:: Requirement ::
Nothing outside the range is wanted. Repeat exactly the lines below from the one with "1 699 р. Звезда" through the one with "colored pencils background".

:: Material to process ::
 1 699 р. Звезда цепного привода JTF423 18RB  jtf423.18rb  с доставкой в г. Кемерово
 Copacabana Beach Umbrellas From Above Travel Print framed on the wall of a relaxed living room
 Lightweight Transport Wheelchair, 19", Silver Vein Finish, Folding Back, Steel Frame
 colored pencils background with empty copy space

--

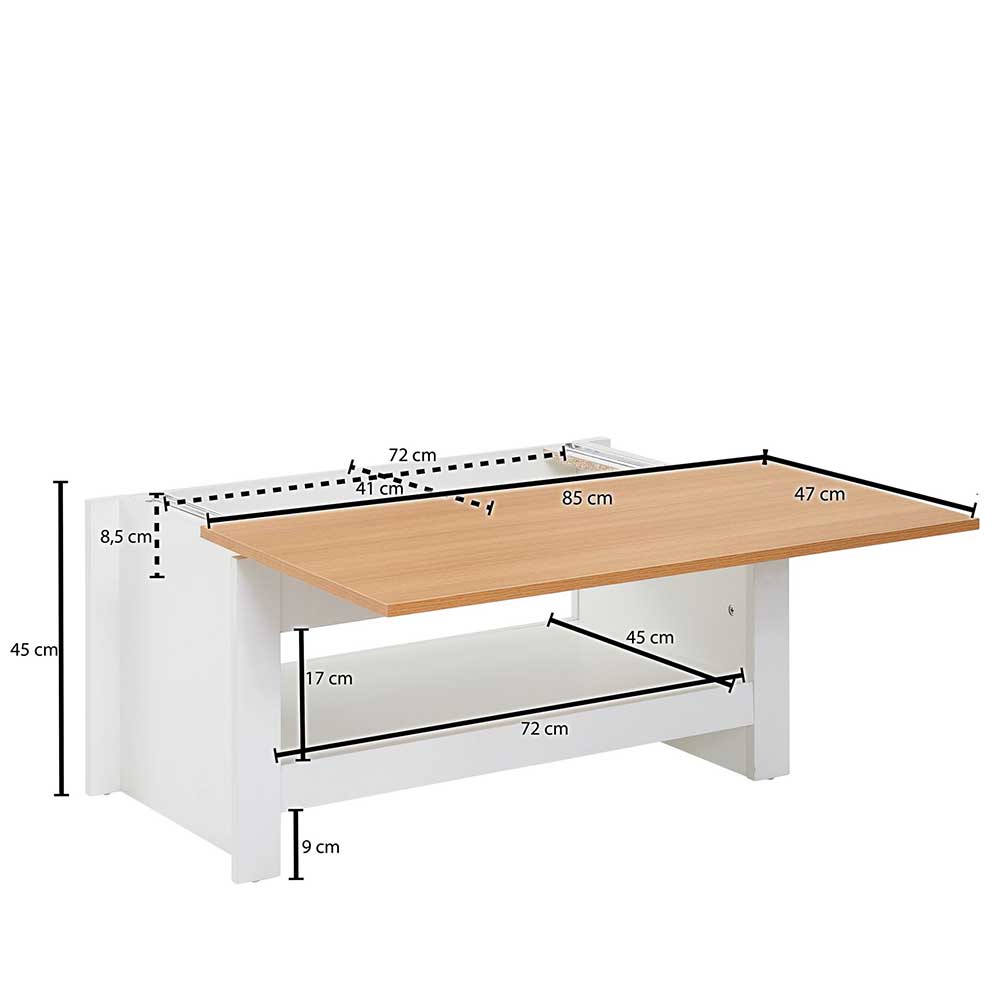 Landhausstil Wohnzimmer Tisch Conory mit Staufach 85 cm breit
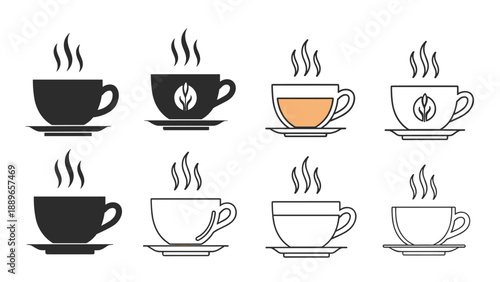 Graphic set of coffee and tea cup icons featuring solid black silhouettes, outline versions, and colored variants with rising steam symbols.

:: Response box ::
 1 699 р. Звезда цепного привода JTF423 18RB  jtf423.18rb  с доставкой в г. Кемерово
 Copacabana Beach Umbrellas From Above Travel Print framed on the wall of a relaxed living room
 Lightweight Transport Wheelchair, 19", Silver Vein Finish, Folding Back, Steel Frame
 colored pencils background with empty copy space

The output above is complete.